I have read this with some alarm and yes it would be interesting to see how this occurred.

A few questions:
1) Does it occur with the in program update as I never received any of the gatekeeper errors
2) I read the PaloAlto document but what Application folder should I be looking at user/applications or the top level applications as there is only a transmission.app there....how do I drill down (for the unixly illiterate).
3) The information (command i) box still states that it is version 2.90 but when opening the App info states 2.92 (small thing but adds uncertainty but the fix is more important).

Just as an aside might be good PR if someone writes a small check program for people who are a bit Unixly illiterate and sees if they are infected.

Cheers Hawkeye

[boltronics]

From the article, it sounds like the affected transmission installers were signed using a different key. If true, I would imagine this was the result of a server compromise.

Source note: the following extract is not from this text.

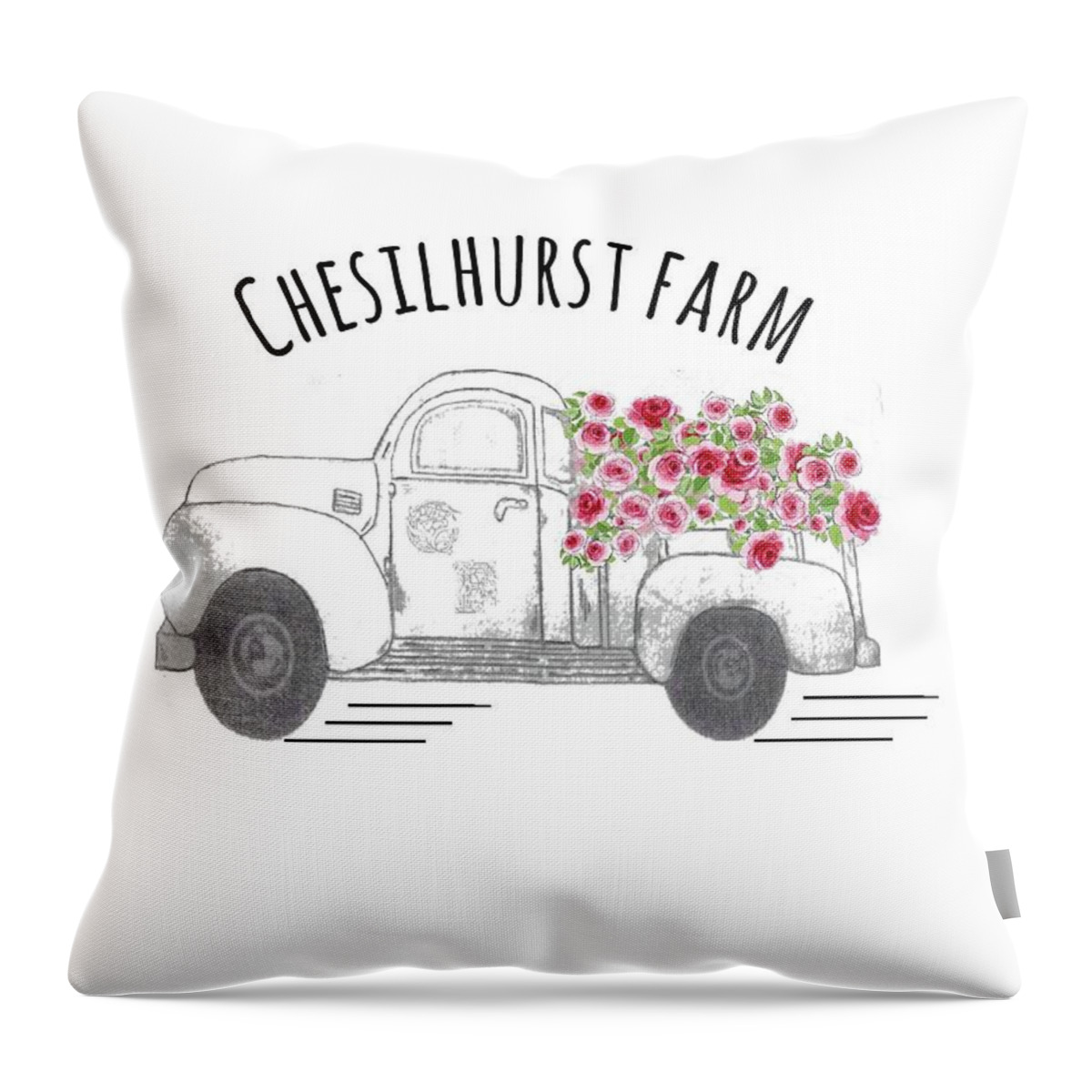 Chesilhurst Farm Throw Pillow featuring the drawing Chesilhurst Farm by Kim Kent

In any case, I continue to strongly advise people to never install anything they downloaded from the web if they haven't validated a GPG signature. This is especially true of non-HTTPS downloads, but certainly true either way. As a Debian GNU/Linux user, I'm accustomed to all my downloads being signed, and this just seems common sense... but today I learned Transmission doesn't seem to sign their downloads. It's a shame, as doing so would easily have prevented this disaster for anyone who cared to check.

[Cheddar4]

2) I read the PaloAlto document but what Application folder should I be looking at user/applications or the top level applications as there is only a transmission.app there....how do I drill down (for the unixly illiterate).

Right-click on the Transmission.app, select "Show package contents", then go to Contents/Resources and see if "General.rtf" exists. And, incidentally, if I choose "Get info" on Transmission.app, mine reports as being 2.92 with a size of 10,568,680 bytes.